Is there a downside to all of this? Naturally there are some risks. While I welcome the availability of Oracle, Informix and other major players to the Linux world --- I'd like to remind everyone that there are alternatives. See Christopher B. Browne's excellent list of these under his website at:
... Some of the commercial SQL engines for Linux that I've heard good reports about are Solid, JustLogic, and Infoflex. That's not to mention the free and shareware packages like PostgreSQL, mSQL, MySQL, and Beagle.
(There are differences in capacity and scalability --- many of these are currently limited to table locking rather than being able to lock individual records).
The big risk we now face is that we'll adopt and promote (or perpetuate) some application suite or tool with a proprietary set of file formats or interfaces. If Microsoft were to ship MS Office for Linux tomorrow --- we'd have the same essential problem that we have today. When someone sends you a Word .DOC, an Excel .XLS or a PowerPoint .PPT you're expected (by an alarming percentage of your correspondents) to be able to handle those files.
Everyone, (freeware and commercial third party vendors alike) is has been playing "catch-up" to this tune for far too long.
This issue of "open document formats" is far more important than choice of operating systems. What you run on your machine is none of my business. What you send to me in our business transactions is. Applix and StarOffice (and the free 'catdoc' and LAOLA filters) make a truly valiant effort to deal with some of these proprietary formats. They do so with some success (Word 2.0 seems fine, Word 6.x might be a bit dicey --- Word '97 documents die a horrible death).
If Microsoft moved quickly they might be able to "take over the Linux desktop" by providing "MS Office '98 for Linux." Personally I think that would be a shame. I think it would squelch some of the interesting work being done on LyX and Cicero, and various other "word processor" and desktop publishing interfaces for Linux.

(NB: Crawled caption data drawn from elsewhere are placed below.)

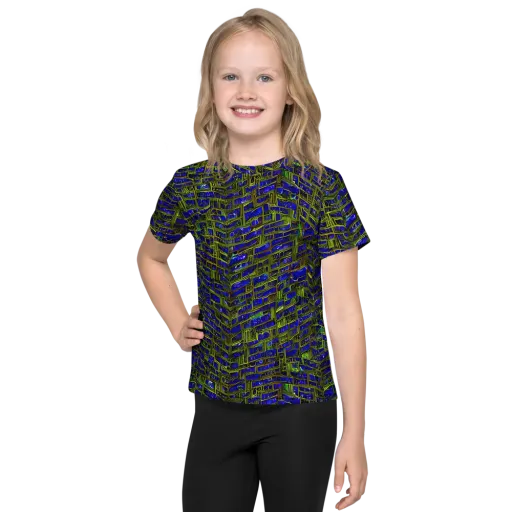 Blue Machine on a Kids Crew Neck T-Shirt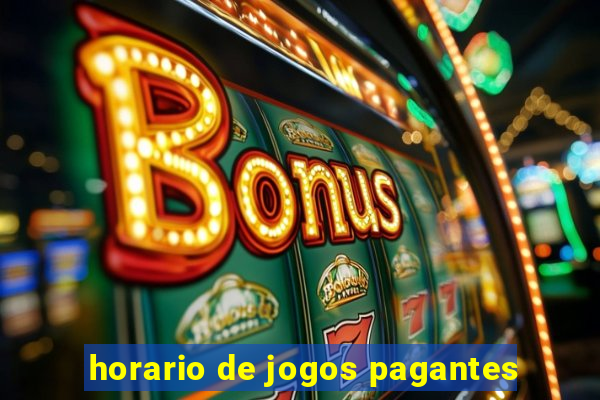 horario de jogos pagantes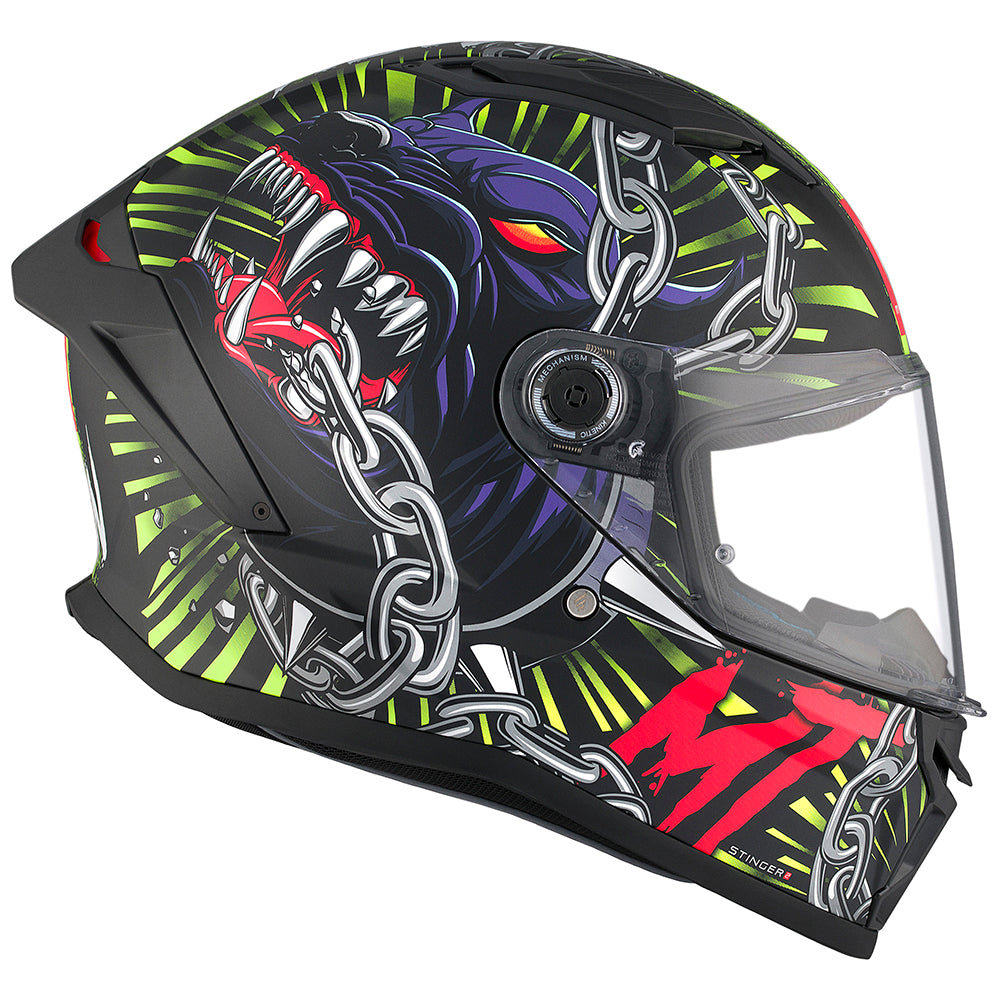 1334A66033-1PP-24-HELMET MT FF126 STINGER 2 AKIN A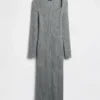 CashSoft-Midi-Pullover-Kleid mit Rippbündchen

So, before you rush out to embrace Oracle, and buy one of their servers --- take a look at some of the other DBMS packages that are out there. Give them a real try (feasibility and capacity test) before you commit.
On another note: I'd like to grant the first "Answer Guy Support Award" of the month to Sam Trenholme. He practically owns the comp.linux.misc newsgroups and answers alot more questions there than I get to in a month here. Thanks, Sam. We all owe, ya!
(I'll try to give these out about once a month --- to someone, somewhere, who answers lots of questions in some Linux tech support venue).
One final tidbit: I guess the press isn't getting all mushy on us. Either someone at Miller-Freeman's _sysadmin_Magazine_ doesn't like Linux or they were typing too fast when they wrote:
.... Linux is a 2-bit multi-user, multitasking variant of the UNIX operating system. (p 68, August, 1998; vol. 7 no. 8)
Can anyone find an extra 30-bits to send them?